Pese a que el acuerdo entre Líbano e Israel sea inédito –ya que involucra a dos países de Oriente Medio que nunca han entablado relaciones diplomáticas–, parece enormemente desfavorable para el primero. Asimismo, cabe deducir que el pacto reconoce implícitamente la legitimidad de la ocupación israelí sobre los territorios palestinos, ya que se ha negociado sobre unas riquezas que corresponderían al estado palestino, según lo dictaminado por la resolución 181 de las Naciones Unidas.
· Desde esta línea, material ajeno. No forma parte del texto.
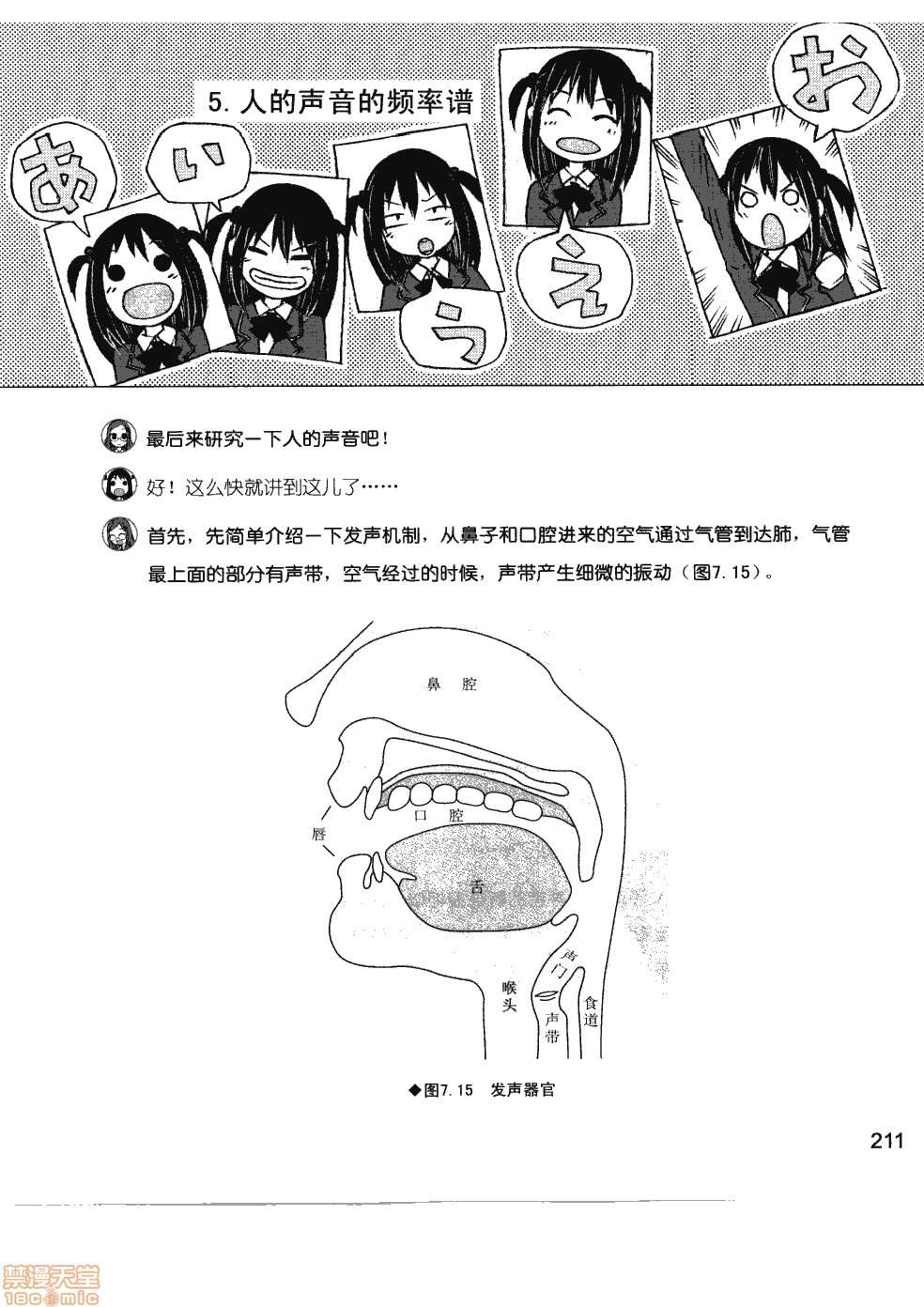 《薄里叶解析》漫画最新章节第1卷免费下拉式在线观看章节第【217】张图片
Imagen del parlamento libanés durante una de las sesiones parlamentarias que resultó en otra fallida elección de un presidente la República. Fuente: Global Times

De todas maneras, el pacto tampoco debería verse como un intento genuino de la clase política libanesa de normalizar las relaciones diplomáticas con Israel, sino más bien como una forma de ganarse el favor de la comunidad internacional tras las recientes sanciones Magnitsky impuestas por Estados Unidos a importantes figuras libanesas. Dichas sanciones permiten a las autoridades estadounidenses sancionar a ciudadanos extranjeros sospechosos de haber perpetuado graves violaciones de derechos humanos o actos de corrupción a gran escala. De hecho, según un artículo publicado por Chatham House en 2021, enfrentarse a la corrupción debería convertirse en una cuestión de supervivencia para Líbano si desea sobrevivir como estado: la profunda corrupción y la deliberada mala gestión del sector público desde el final de la guerra civil han conducido a la lamentable situación actual.

Además, la supervivencia del acuerdo dependerá en gran medida de los actores externos. Por ejemplo, un cambio repentino en la política exterior iraní –debido al deterioro de las relaciones de la teocracia islamista con Occidente– puede conducir a su proxy Hezbolá a realizar acciones impredecibles que afectarían aún más a la inestabilidad de Líbano. El pacto podría ser incluso impugnado por cualquiera de los dos signatarios, como recientemente expresó el –otra vez– primer ministro de Israel, Benjamin Netanyahu, ahora encabezando un nuevo gobierno de extrema derecha. Dicho gobierno no tendrá reparos en adoptar una retórica aún más agresiva y belicista hacia Hezbolá, como ya hizo con anterioridad, para aumentar sus intereses e influencia sobre el país árabe.

En síntesis, parece difícil que este acuerdo vaya a beneficiar al débil estado libanés y a su población. Como se ha visto, sus hipotéticos beneficios materiales están en el aire y es probable una ruptura por cualquiera de las dos partes. Por ello, se podría decir que, en definitiva, es un pacto frágil para un estado débil.